Statistics Canada also raised its third-quarter growth estimate to 3.8 percent, from 3.5 percent, showing the nation’s economy had its best half-year performance since the final six months of 2013 or before the collapse of oil prices. For the month of December, GDP was up 0.3 percent.

The confirmation that Canada is emerging from the commodity slump should come as a relief to policy makers who struggled to cope with a near-stagnant economy, as the nation dealt with the impact of an oil price shock and faltering export sector.

Economists had estimated a 2 percent annualized gain in the fourth quarter and a 0.3 percent increase in December, according to a Bloomberg survey.

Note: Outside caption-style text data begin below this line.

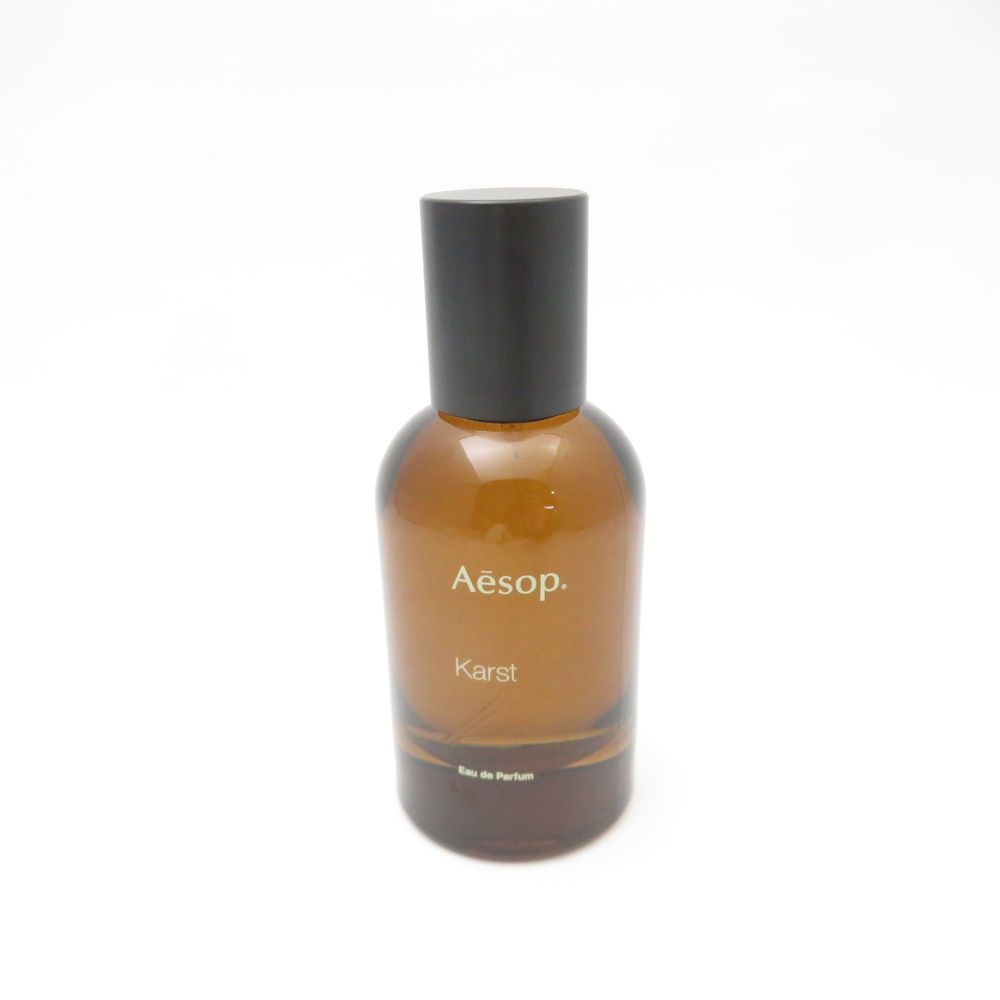 Aesop イソップ Karst カースト 香水 50 ml 残量多 EDP オードパルファム フレグランス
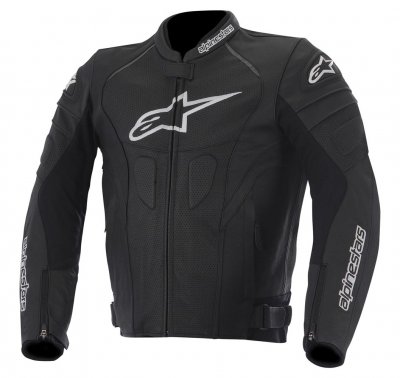 Куртка кожаная GP PLUS R LEATHER JACKET  черный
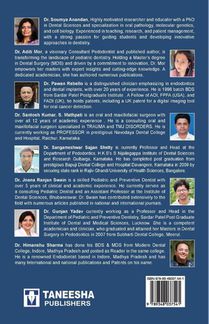 Oral and Maxillofacial Surgery in Children achterzijde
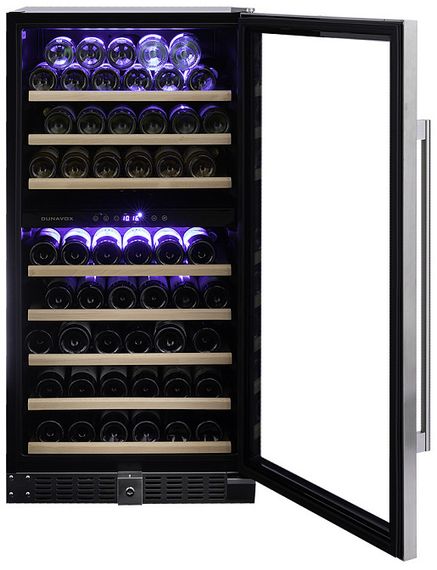 Винный холодильник Dunavox DX-94.270SDSK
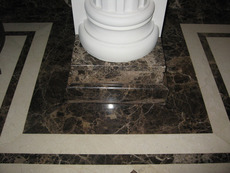 Полы мраморные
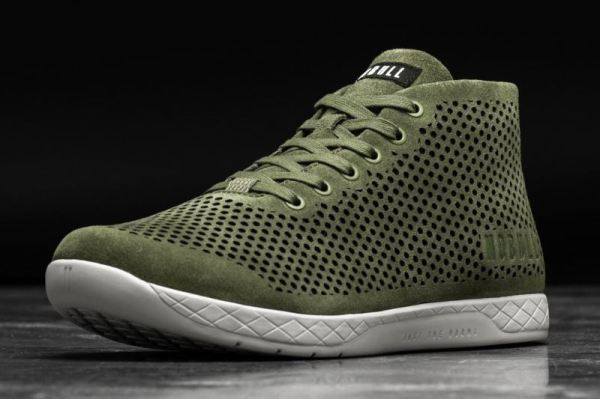 NOBULL WOMEN'S SHOES MOSS SUEDE MID TRAINER | CANADA OUTLET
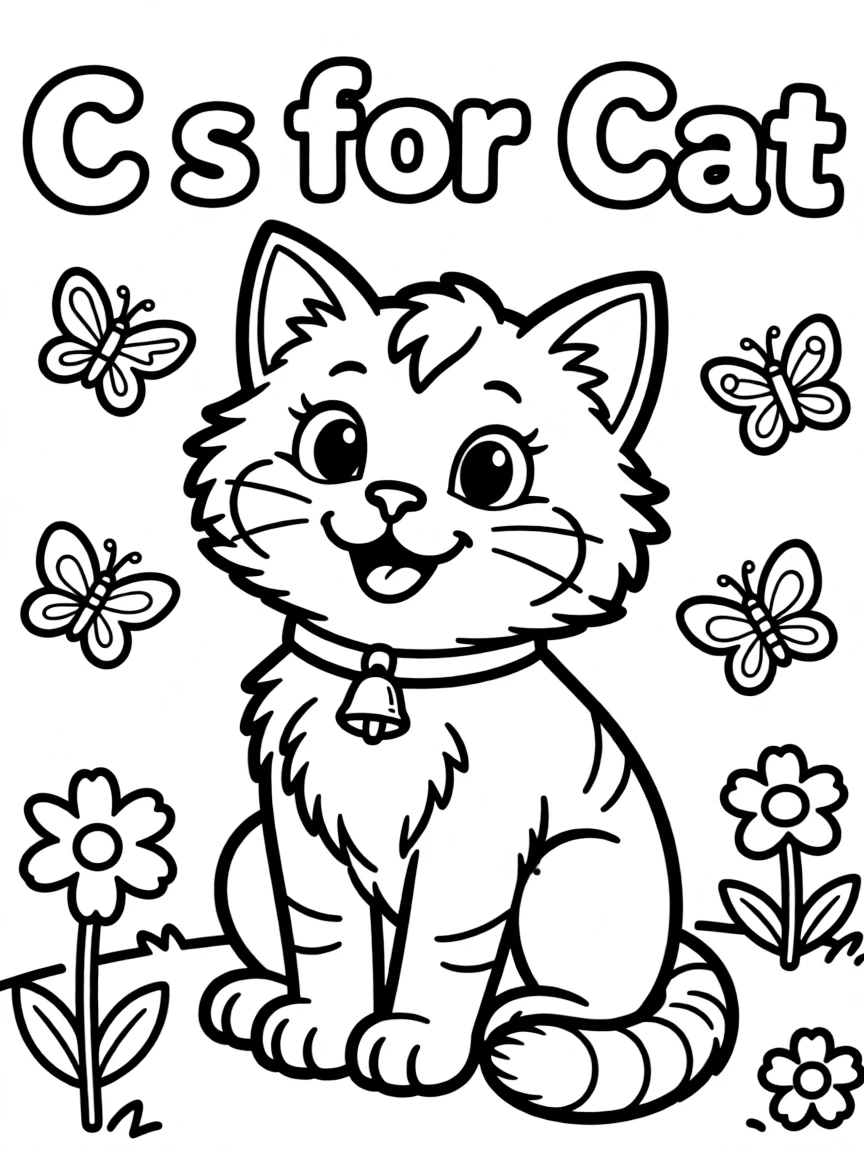 "C is for Cat"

Canada’s economy remains reliant on consumption. Household expenditures contributed 1.9 percentage points to growth, followed by government spending at 0.5 points. Compensation of employees recorded the largest increase since 2011.

Canada’s red-hot housing markets also triggered a rebound in residential investment, which added 0.4 percentage points to growth. That’s the first gain since the first quarter.

The trade sector was by far the biggest contributor to growth, adding about 5.3 percentage points, reflecting a decline in imports that was the biggest since 2009. About one-third of the decline came from the shipment in the third-quarter of a major oil platform. Falling oil imports was another major component.

Businesses activity was less impressive in the final quarter. Non-residential business investment was down 17 percent on an annualized basis, reducing GDP by 1.8 percentage points. They also met some of their demand by drawing down inventories considerably in the fourth quarter, by an amount that reduced GDP by 2.8 percentage points.